## What you have to do
Starting at the line with "Damascus Rose Face" and going on through the line with "Colorful Dreamcatcher Print", reproduce each line in the records below exactly and nothing more.

## Dataset records
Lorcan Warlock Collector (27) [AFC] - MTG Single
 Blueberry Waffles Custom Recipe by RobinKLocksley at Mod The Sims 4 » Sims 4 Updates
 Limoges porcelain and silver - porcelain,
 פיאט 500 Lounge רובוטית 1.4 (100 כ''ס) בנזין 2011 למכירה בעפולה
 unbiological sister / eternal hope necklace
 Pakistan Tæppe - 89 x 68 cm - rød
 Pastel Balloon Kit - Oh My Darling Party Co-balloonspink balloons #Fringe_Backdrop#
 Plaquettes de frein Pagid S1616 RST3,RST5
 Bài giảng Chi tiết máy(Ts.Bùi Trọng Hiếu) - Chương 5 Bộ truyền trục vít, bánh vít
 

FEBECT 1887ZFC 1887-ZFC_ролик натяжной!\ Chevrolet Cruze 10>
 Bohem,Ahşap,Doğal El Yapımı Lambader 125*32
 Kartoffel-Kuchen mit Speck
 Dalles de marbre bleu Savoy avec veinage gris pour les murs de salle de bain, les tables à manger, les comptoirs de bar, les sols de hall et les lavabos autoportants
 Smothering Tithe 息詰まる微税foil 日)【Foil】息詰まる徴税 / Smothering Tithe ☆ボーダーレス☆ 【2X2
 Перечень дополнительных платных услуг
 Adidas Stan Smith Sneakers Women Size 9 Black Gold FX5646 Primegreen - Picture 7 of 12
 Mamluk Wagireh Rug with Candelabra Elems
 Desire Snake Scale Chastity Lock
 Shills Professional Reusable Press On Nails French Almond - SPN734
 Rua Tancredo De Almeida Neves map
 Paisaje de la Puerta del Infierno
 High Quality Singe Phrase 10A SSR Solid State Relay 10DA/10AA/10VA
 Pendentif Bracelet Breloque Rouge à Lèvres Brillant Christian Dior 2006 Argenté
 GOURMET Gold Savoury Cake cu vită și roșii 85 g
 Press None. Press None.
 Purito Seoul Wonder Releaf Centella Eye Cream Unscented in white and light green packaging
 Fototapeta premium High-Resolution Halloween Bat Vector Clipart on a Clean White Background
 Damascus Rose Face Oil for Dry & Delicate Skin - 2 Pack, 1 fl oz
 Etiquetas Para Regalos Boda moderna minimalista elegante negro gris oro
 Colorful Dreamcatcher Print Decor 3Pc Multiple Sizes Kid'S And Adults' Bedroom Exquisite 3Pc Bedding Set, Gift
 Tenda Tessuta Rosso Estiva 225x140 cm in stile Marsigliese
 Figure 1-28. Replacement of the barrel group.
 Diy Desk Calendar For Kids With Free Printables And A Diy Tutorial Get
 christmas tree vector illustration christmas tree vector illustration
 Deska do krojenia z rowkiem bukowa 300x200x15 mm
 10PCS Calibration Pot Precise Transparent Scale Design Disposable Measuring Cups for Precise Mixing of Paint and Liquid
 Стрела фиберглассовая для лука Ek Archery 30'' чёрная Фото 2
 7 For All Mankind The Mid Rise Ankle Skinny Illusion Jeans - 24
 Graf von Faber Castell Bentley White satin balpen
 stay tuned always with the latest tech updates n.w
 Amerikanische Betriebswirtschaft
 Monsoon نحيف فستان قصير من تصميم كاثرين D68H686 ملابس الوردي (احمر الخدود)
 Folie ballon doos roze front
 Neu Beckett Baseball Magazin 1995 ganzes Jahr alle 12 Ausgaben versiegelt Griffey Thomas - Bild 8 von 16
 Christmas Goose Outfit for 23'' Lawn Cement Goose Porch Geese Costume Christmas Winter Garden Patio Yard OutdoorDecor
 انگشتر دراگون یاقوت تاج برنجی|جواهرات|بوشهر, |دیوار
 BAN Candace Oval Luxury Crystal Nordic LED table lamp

## Response area
 Damascus Rose Face Oil for Dry & Delicate Skin - 2 Pack, 1 fl oz
 Etiquetas Para Regalos Boda moderna minimalista elegante negro gris oro
 Colorful Dreamcatcher Print Decor 3Pc Multiple Sizes Kid'S And Adults' Bedroom Exquisite 3Pc Bedding Set, Gift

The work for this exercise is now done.